▶ **YOUR INSTRUCTIONS**
Without any images, write the listing below out word for word.

▶ **DATA BELOW**
○ ○ ○ ○

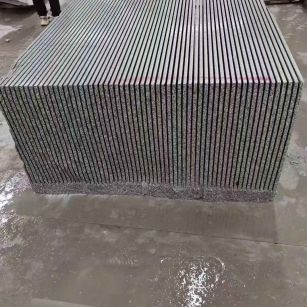 抚州芝麻白毛板荒料切割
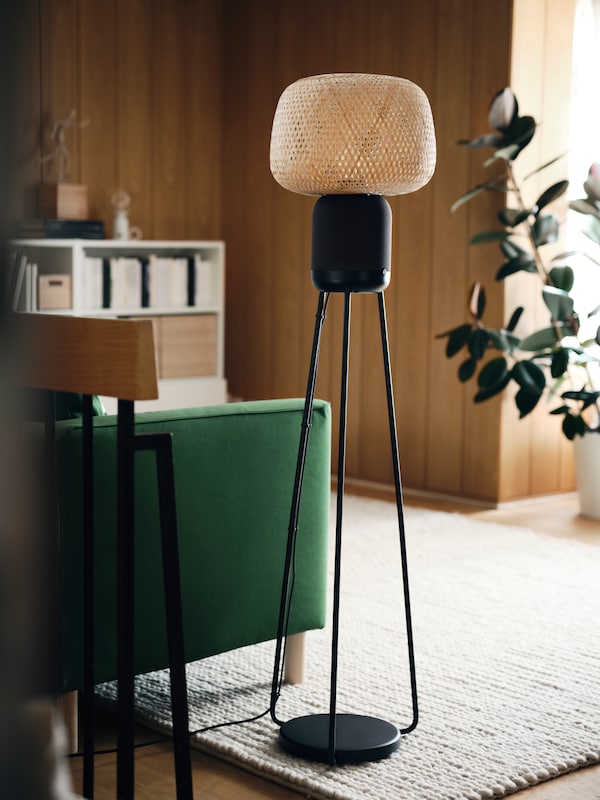 A SYMFONISK floor lamp with Wi-Fi speaker is standing in a living room next to a green sofa on a cream rug.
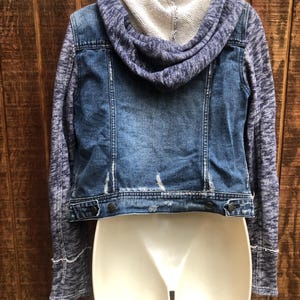 May include: A blue denim jacket with a gray knit hood and sleeves. The jacket has a distressed look with a button closure and is displayed on a white mannequin. The back of the jacket is visible, showcasing the design.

○ ○ ○ ○

▶ **RESULT**
 抚州芝麻白毛板荒料切割
 A SYMFONISK floor lamp with Wi-Fi speaker is standing in a living room next to a green sofa on a cream rug.
 May include: A blue denim jacket with a gray knit hood and sleeves. The jacket has a distressed look with a button closure and is displayed on a white mannequin. The back of the jacket is visible, showcasing the design.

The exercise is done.